*What the exercise asks:*
Data follows below. Repeat exactly the lines between the line holding "Royal Enfield Bullet Standard 350" and the line holding "MITSUBISHI FUSO Canter", inclusive, and nothing more; drop pictures.

*Supplied data:*
########

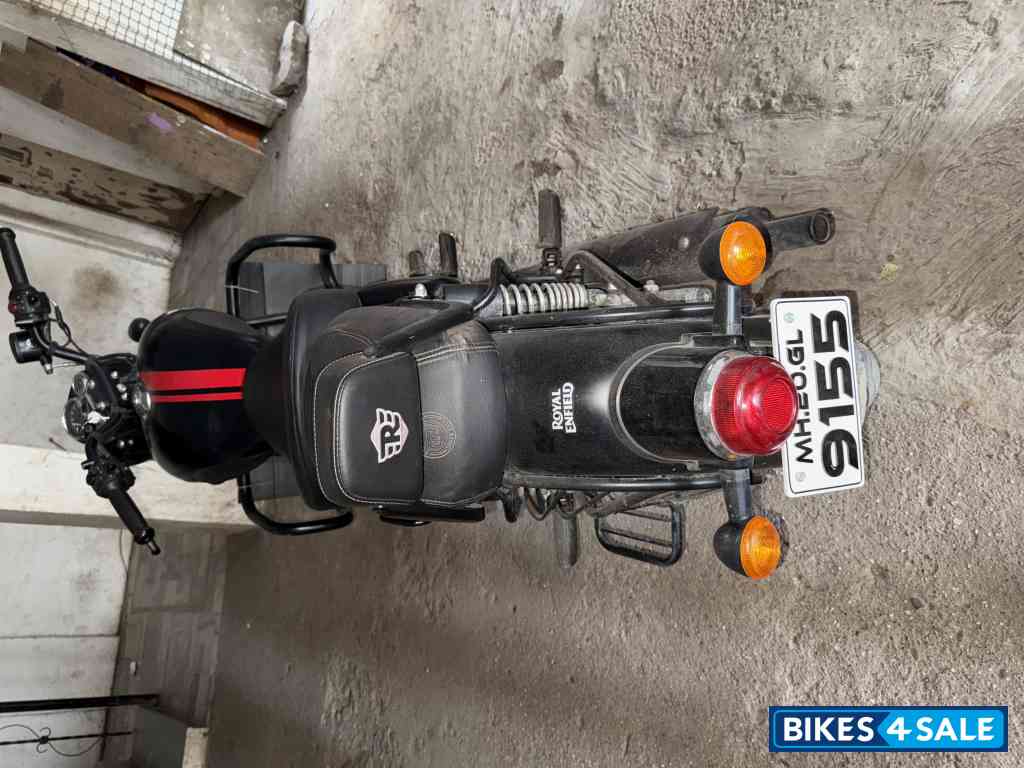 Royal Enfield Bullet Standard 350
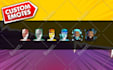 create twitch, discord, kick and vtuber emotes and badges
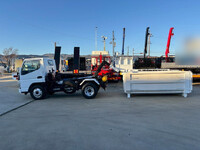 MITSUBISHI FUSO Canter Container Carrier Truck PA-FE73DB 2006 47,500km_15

########

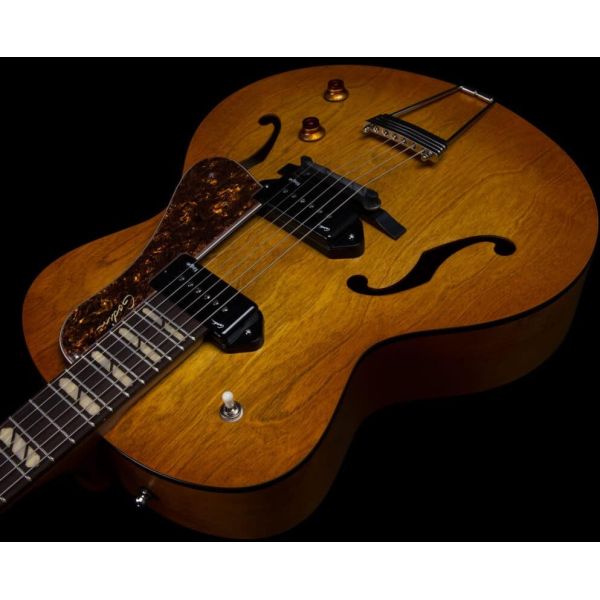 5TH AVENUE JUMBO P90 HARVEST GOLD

########

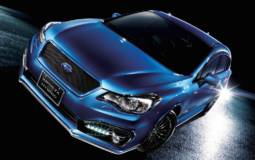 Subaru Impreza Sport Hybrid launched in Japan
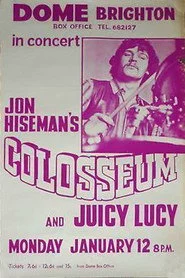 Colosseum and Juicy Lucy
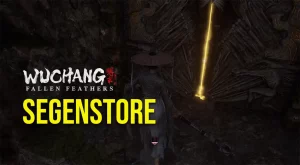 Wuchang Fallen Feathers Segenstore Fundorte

########

*Answer to this task:*
 Royal Enfield Bullet Standard 350
 create twitch, discord, kick and vtuber emotes and badges
 MITSUBISHI FUSO Canter Container Carrier Truck PA-FE73DB 2006 47,500km_15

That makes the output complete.